Having somewhat standardized religious expressions of remorse like this is common, and it’s also not necessarily a bad thing. It gives people a kind of language for letting out feelings that are otherwise hard to express. There are certain situations in which we need that kind of thing.
The potential problem with these kinds of expressions, though, is that if we’re not careful, in some circumstances they can take the place of real emotion. What we see God calling the people away from here offers us a really good example of this.
The people were on a path of sin and had been assured that judgment was coming. In that culture, people tended to not only believe, but take seriously those kinds of things in ways that we don’t today. Many may have scoffed at the prophet’s warning, but some took it seriously and the prospect of what God assured them was coming was a frightening one. Their expression of this grief and alarm came out in part through their tearing their robes.
Have you ever been in a situation when a critical mass of the people around you thought a certain thing was the right thing to do but you didn’t agree with them? What did you do in that situation? If you’re like most people, you probably joined in whatever they were all doing so you didn’t stand out like a sore thumb. You did it because it was the acceptable thing to do, not necessarily because you agreed it was the right thing to do.

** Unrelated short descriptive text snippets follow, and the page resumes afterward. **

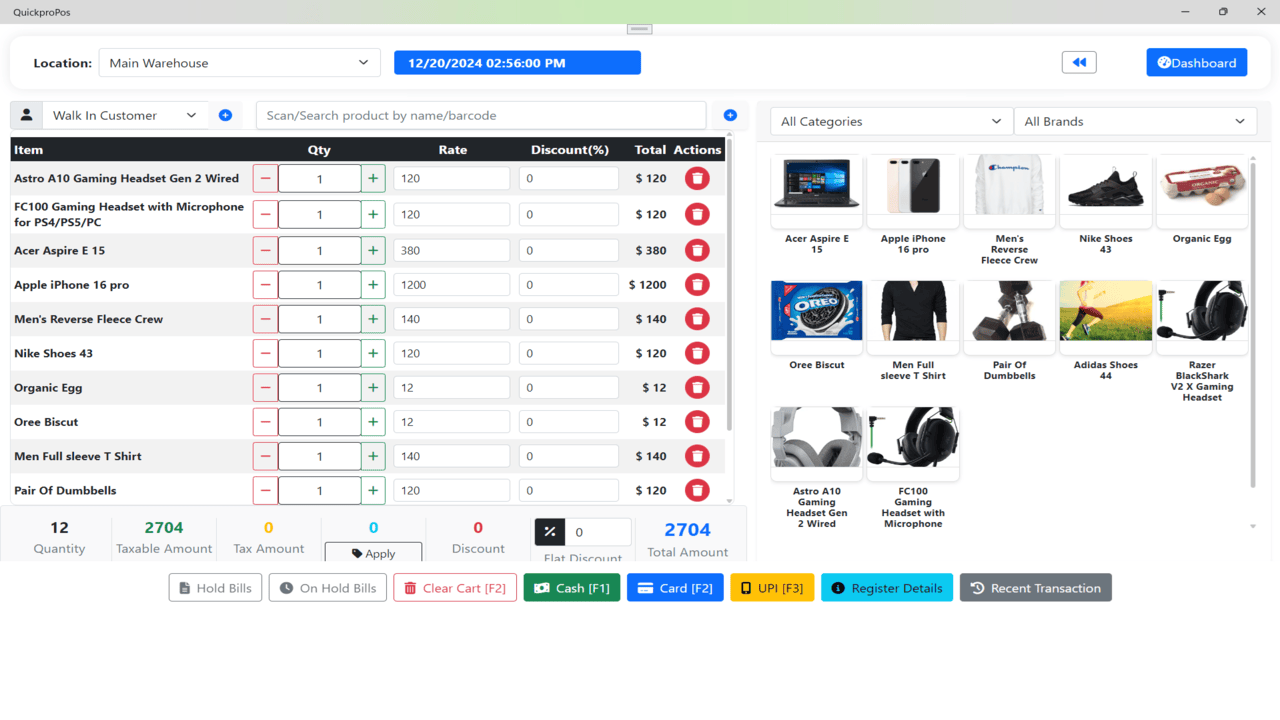 Sales / POS panel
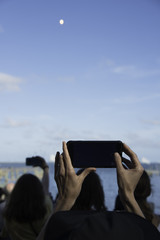 Person Taking Photo of Falcon Heavy Lauch in Cape Canaveral.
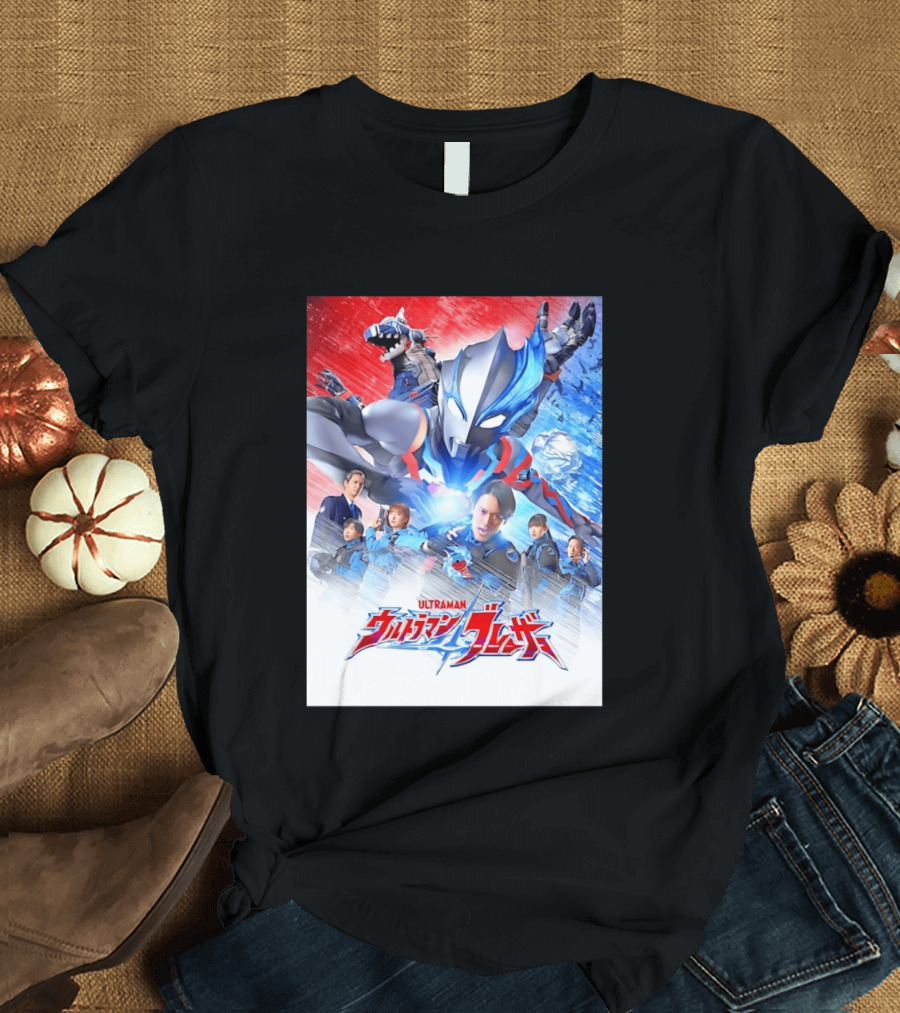 Ultraman Blazar Cast And Characters With Heroic Action Scene T-Shirt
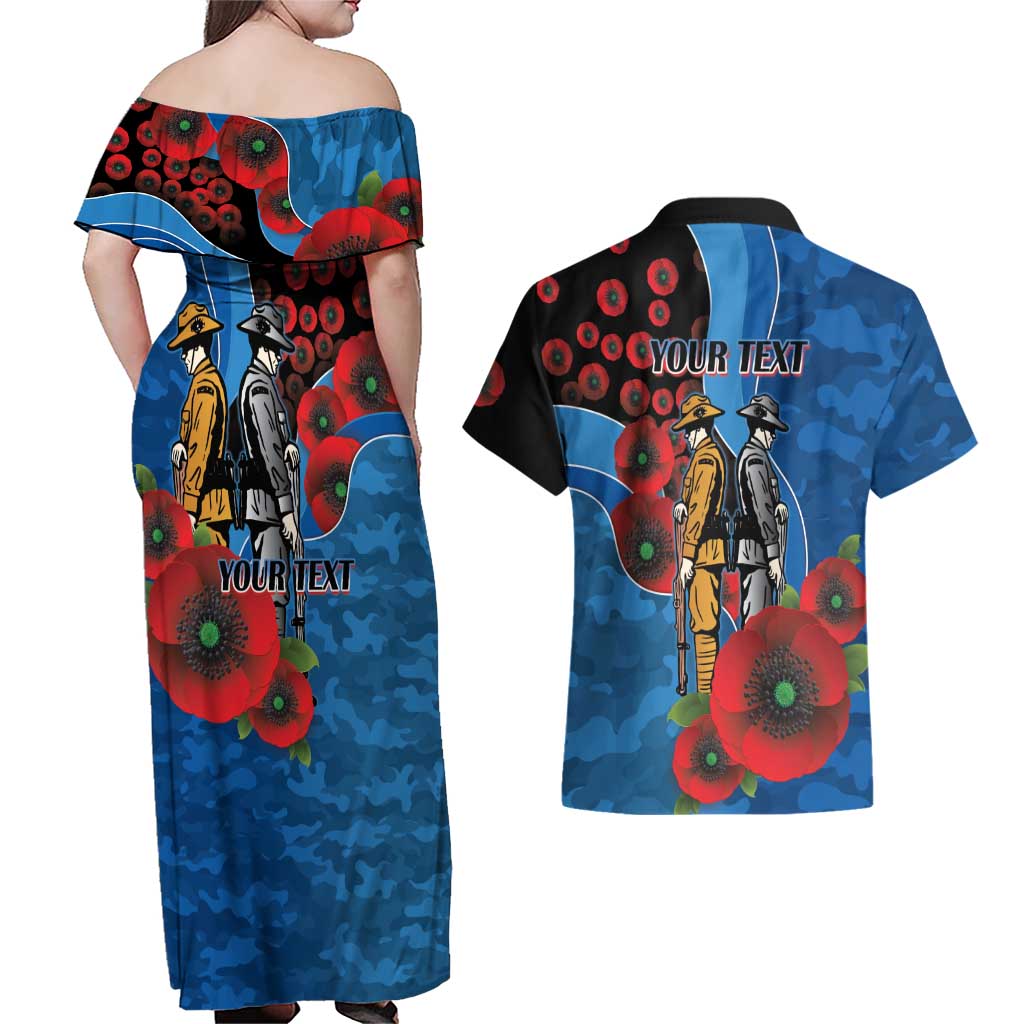Canterbury-Bankstown Bulldogs ANZAC Personalised Couples Matching Off Shoulder Maxi Dress and Hawaiian Shirt Lest We Forget Poppy Camo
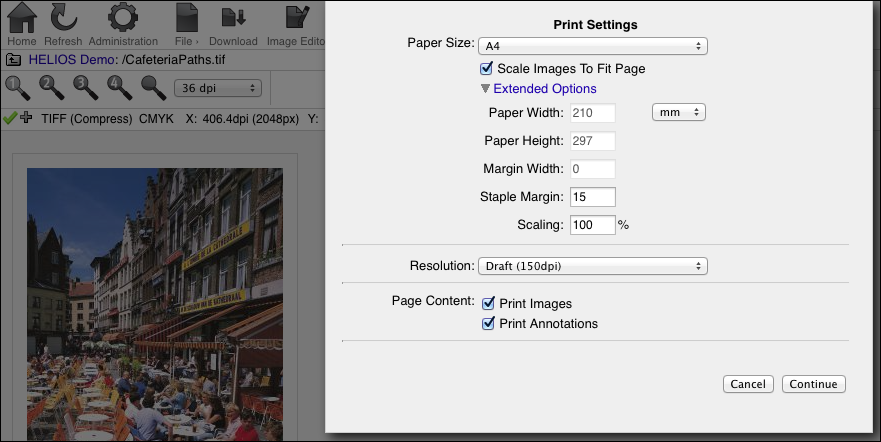 WebShare preview/proof print dialog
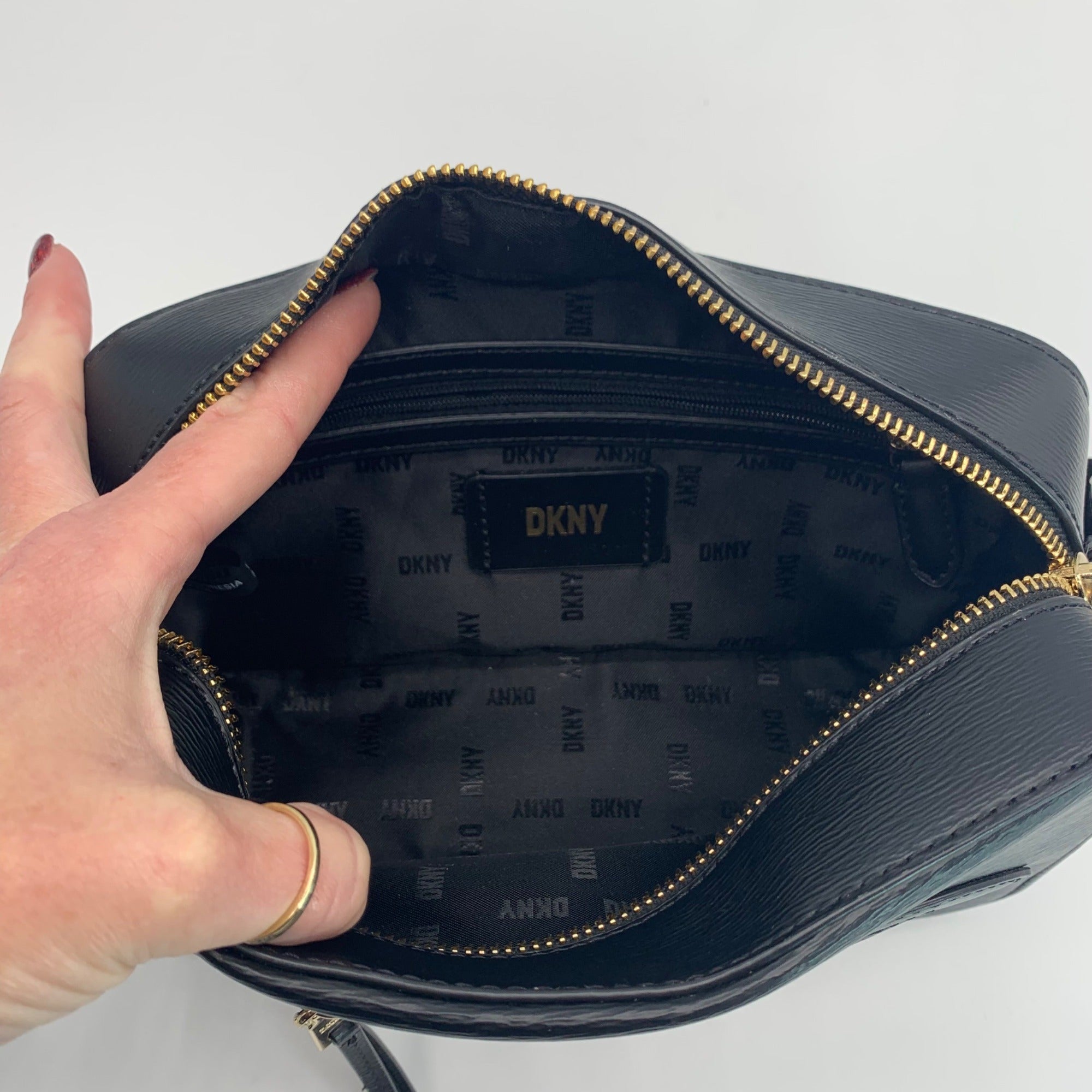 DKNY Black Chelsea Web Strap Camera Bag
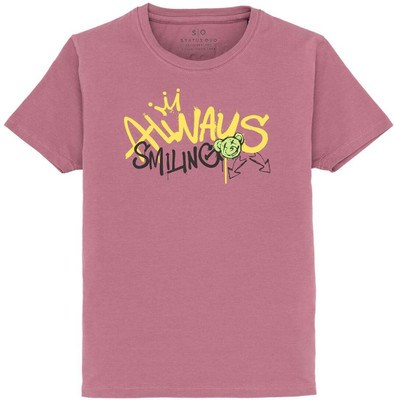 Status Quo Boys Solid Cotton Blend Regular T Shirt(Red, Pack of 1)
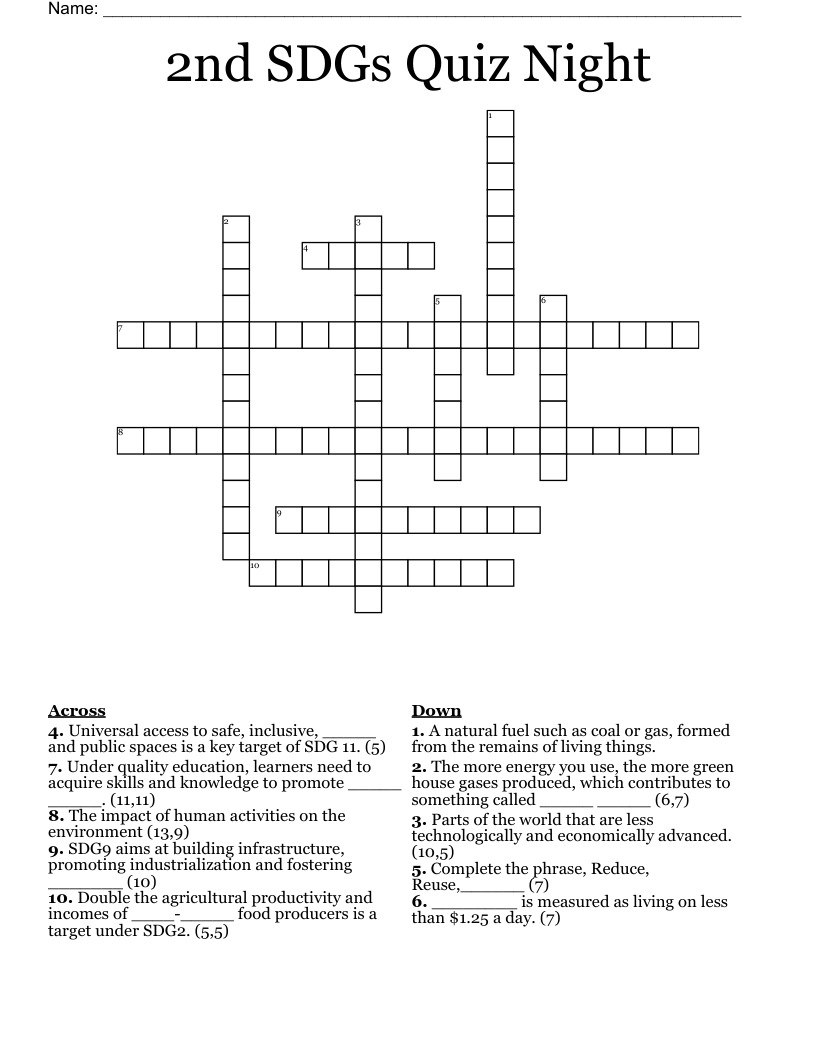 2nd SDGs Quiz Night Crossword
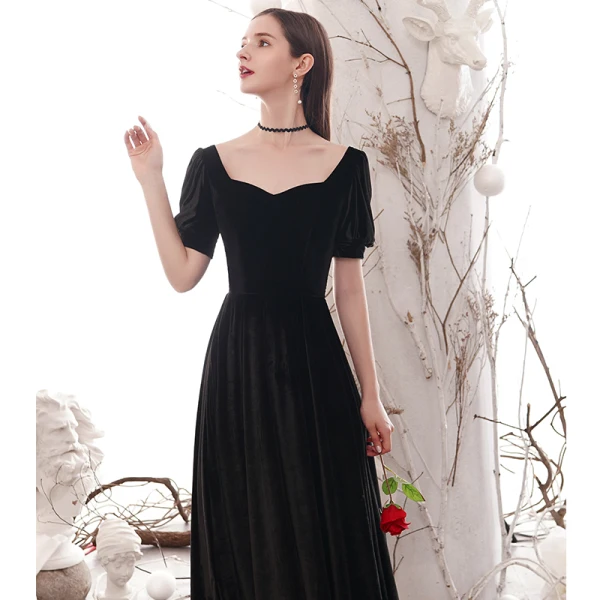 Modest / Simple Black Homecoming Graduation Dresses 2020 A-Line / Princess Square Neckline Short Sleeve Backless Tea-length Formal Dresses Modest / Simple Black Homecoming Graduation Dresses 2020 A-Line / Princess Square Neckline Short Sleeve Backless Tea-length Formal Dresses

There were some in Israel who responded to Hosea’s warnings of judgment by tearing their clothes as a sign of grief and repentance, but whose hearts weren’t really in it. It was the acceptable thing to do, but they didn’t necessarily agree it was the right thing to do.
The thing was, God didn’t want to send the judgment He had told them would be the result of their sin. He wanted to bless them, not curse them. He wanted to be able to relent from the disaster. But, He could only do that if they were really repentant. Their grief and remorse needed to go deeper than just the tearing of their clothes. They needed to have their hearts broken over their sin.
Two things needed to happen in order for this transformation to take place. First, they needed to get their hearts and minds around just how bad their sin really was. The severity of the judgment promised in response to it should have helped with that. Sin is a graphic problem and a graphic consequence is often the only way for us to be convinced of that.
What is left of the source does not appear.